1) Yerli araba
Yerli uçak
Yerli motor
Yerli silah üretilir, üretiliyor da.
Fakat "yerli genç ve yerli insan" kalmayıp azaldığı gün vatan düşer. Her şey biter. Birgün teknoloji tamamen yerli olur, fakat yerli insan kalmazsa o teknoloji birşey ifade etmez.
2) Amerika'daki bir gençle, Türkiye'deki bir gencin yaşam tarzı, anlayışı, düşünüşü, beslenmesi, giyinmesi, zevkleri benzediği zaman ülkeniz işgal edilmiş veya yıkıma hazır demektir. Bu engellenmiyorsa iktidarda kimin olduğunun önemi yoktur. Aileler de umursamıyor.
3) Türk parasının değeri düşerken isyan ve şikâyetteyiz.
Kültürün değeri düşerken
Dinin değeri düşerken
Ahlâkın değeri düşerken
Vicdanın değeri düşerken
İnsanlığın değeri düşerken kılımızı bile kıpırdatmıyoruz.
Anne babalar çocuğunun ahlaki-dini değeri düşerken umursamıyor bile.
4) Zamlara, dolara verdiğimiz tepkiyi çocuğumuzun dinden, kültürden, ahlaktan uzaklaşmasına vermiyoruz. Anne babalar zamlara, doların çıkmasına üzüldüğü kadar çocuğunun diploma, maaş, konfor uğruna kültürsüzleşmesine üzülmüyor. Hatta umrunda değil. Başıboş bırakılmış halde.
5) Çocuğuna her türlü maddi imkanları sağlayan aileler, ahlak ve kültürel olarak çocuklarının ne durumda olduğuna dikkat bile etmiyor. Pazardaki soğan ve domates kadar değeri yok. Çocuğunun yarın ailesine, vatana, millete faydası olmayacağı gibi ahirette de başına bela olacak.

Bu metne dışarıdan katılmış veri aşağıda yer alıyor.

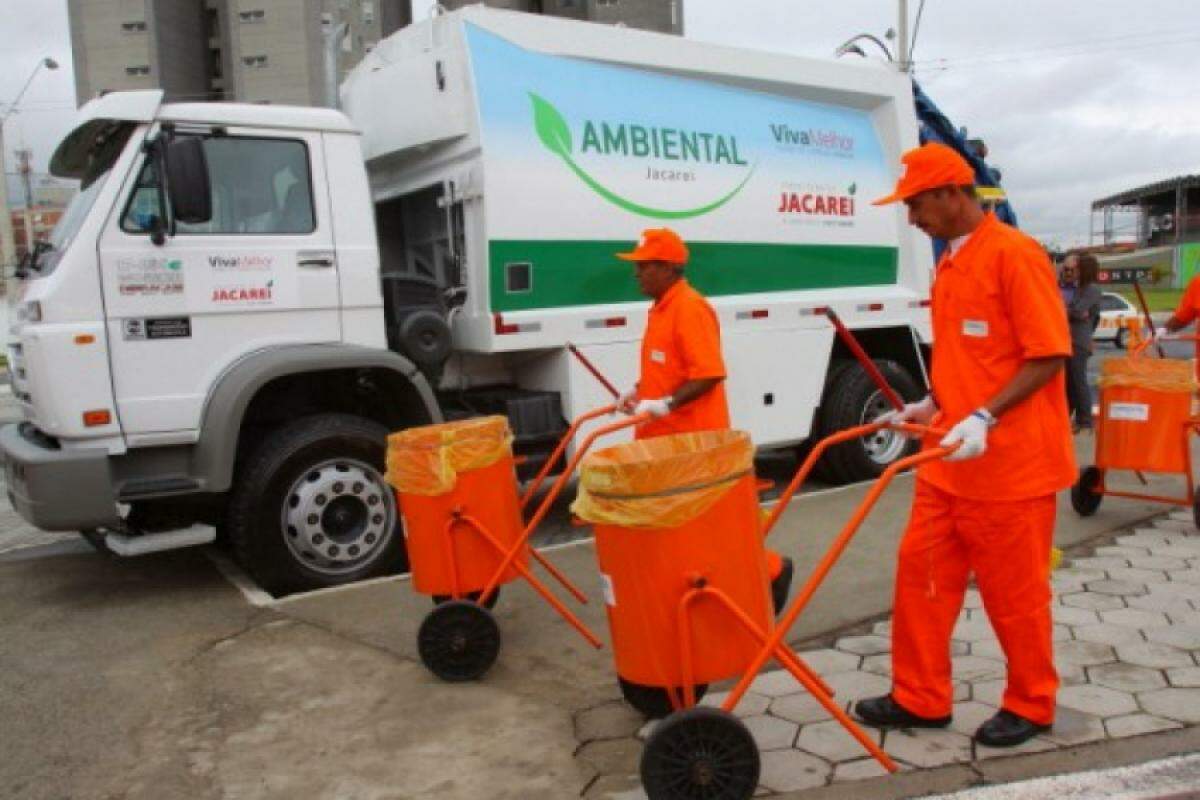 Ambiental é a empresa responsável pela coleta de lixo em Jacareí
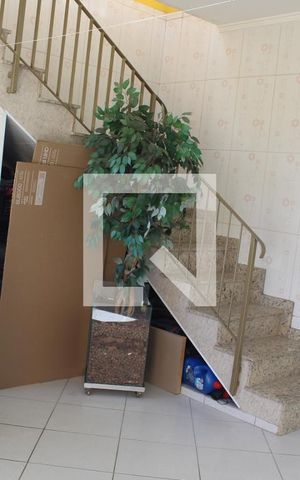 Casa à venda com 300m², 4 quartos e 2 vagasÁrea de Serviço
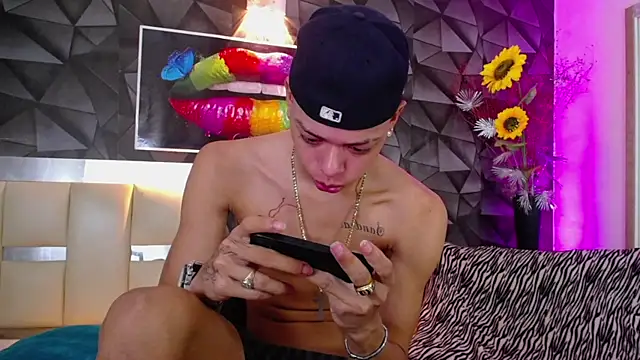 Snapshot of Harry_jhonsson chatting on 01.18.25 Harry jhonsson online show from 01.18.25
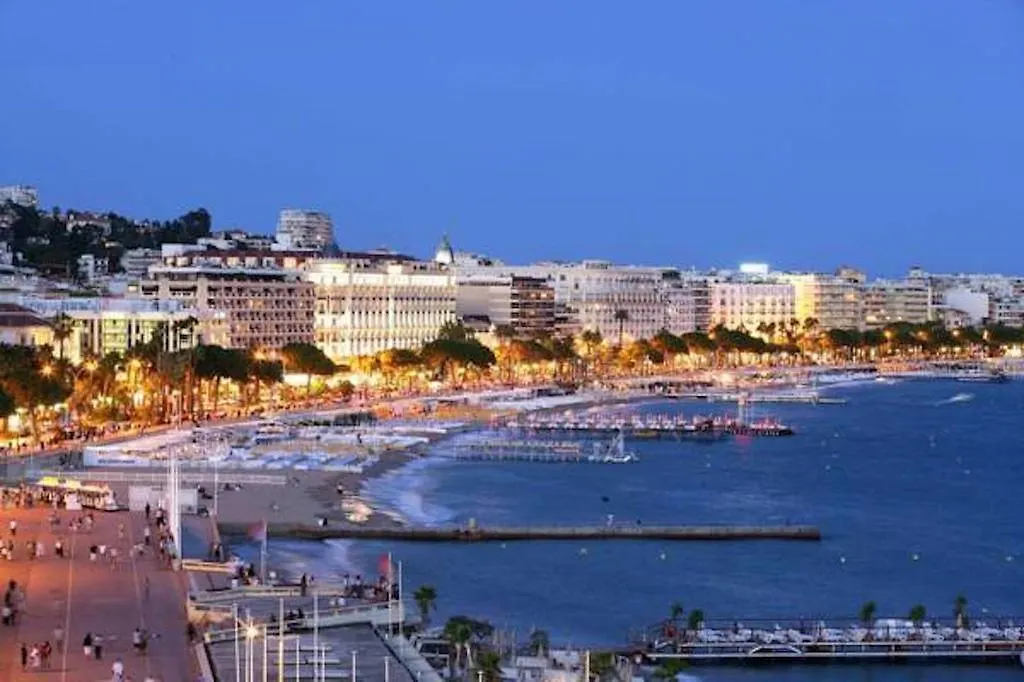 Cannes Front Beach Pools Apartment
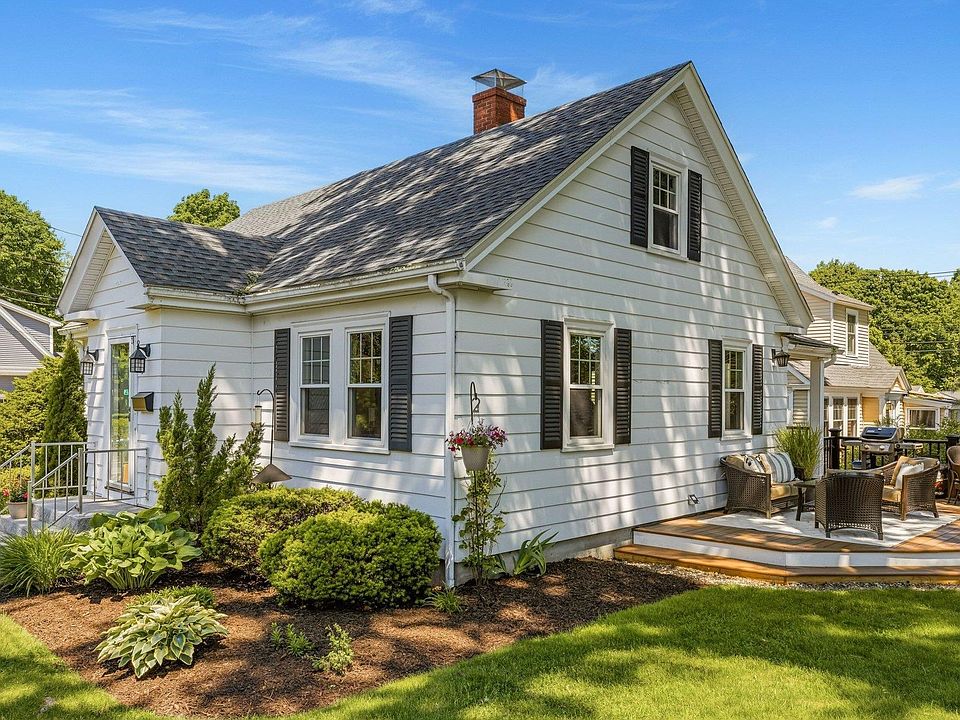 1st image of 115 Fairview Avenue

6) Vatanı, devleti İngiliz, Yunan, Amerika işgali yıkmaz, yıkamadı da! Fakat İngilizleşmek, Yunanlaşmak, Amerikanlaşmak yıkar, yok eder. Yaşantı olarak, Yunanı denize döküp Yunanlaşmışsak, İngilizi İstanbul'dan defedip İngilizleşmişsek işgal bitmedi demektir. Şekil değiştirmiş.
7) 1800'lü yıllarda "toprak işgali" başladı.
Ardından "ekonomik işgal" başladı. Borçlandırma oldu.
Ardından "ideolojik işgal" başladı. İdeolojilerle halk bölündü.
Ardından "zihin işgal" oluşturuldu. Ağır hasar aldık.
Şu an "biyolojik işgal" başladı. Son hızla devam ediyor.
8) Türkiye'de "aydın, sanatçı ve şarkıcıların" çoğu;
Seküler hayat tarzının
Batılı kültürün
Kapitalist değerlerin
Çürümüş liberal ahlâkın
Yabancı düşünüş biçiminin taşıyıcısı oldular.
Aydınların fikri
Sanatçının tarzı
Şarkıcıların klip ve sözleri durumu anlamaya yetiyor.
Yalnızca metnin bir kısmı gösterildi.